The Boa Study Template

Boa is a domain-specific language and infrastructure that eases mining software repositories. Boa's infrastructure leverages distributed computing techniques to execute queries against hundreds of thousands of software projects very efficiently.

Boa's Study Template was designed to aid researchers who want to use Boa in a research study. The goal was two-fold: first, to make it easier to write, run, and process Boa queries and outputs, and second, to enable better replication of research.

To accomplish these goals, the study template automatically manages a lot of the details such as when to run a Boa query, when to download its results, and automatic conversion of the output to CSV. Additionally, the study template provides some helper functions in Python to make it easier to analyze that data. Generally, researchers using the study template simply need to write their Boa queries, write the Python analyses to process the output, and then run make to execute the study. The study template figures out what queries need to be run, what outputs need to be downloaded, and what analyses need to be run based on what files have changed since the last run.

Moreover, the study template has reproducibility in mind.
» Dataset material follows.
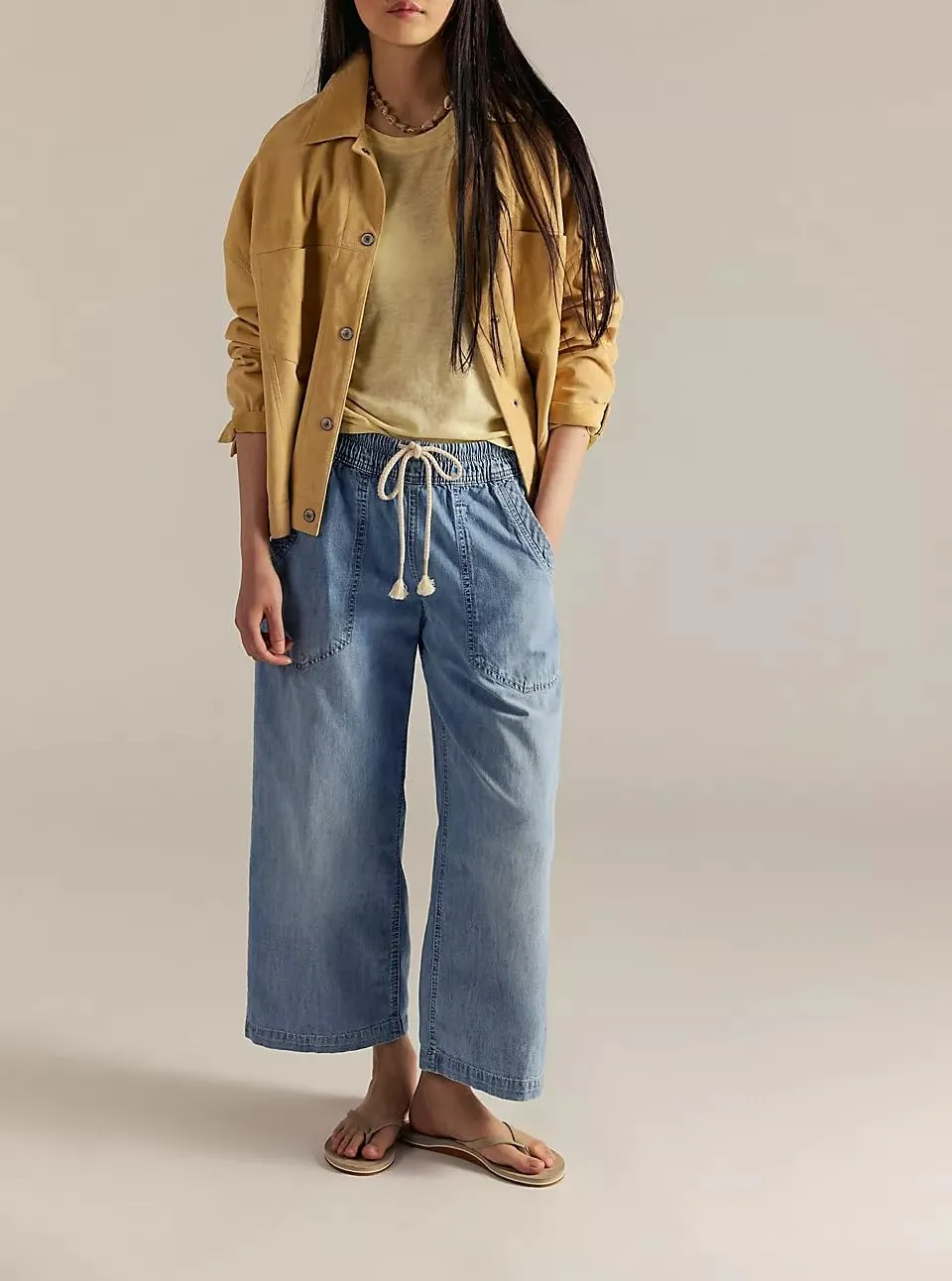 yoeasy Women's Wide Leg Jeans Mid Rise Stretchy Straight Leg Baggy Drawstring Casual Denim Pants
It automatically records information about the Boa jobs that were run and stores the data in a converted, compressed Parquet file. It also provides make targets to produce replication package ZIP files that contain all the data and analyses needed to reproduce the study. This includes the Boa queries, the Python analyses, the data, and the generated figures and tables.

The study template also provides support for publishing your replication package on Zenodo. This is a great way to get a DOI for your replication package and to make it easy for others to cite your work. The study template will automatically generate a Zenodo metadata file and upload the replication package to Zenodo. By default, it will support double-blinded submissions and provides an easy way to unblind your replication after your paper is accepted.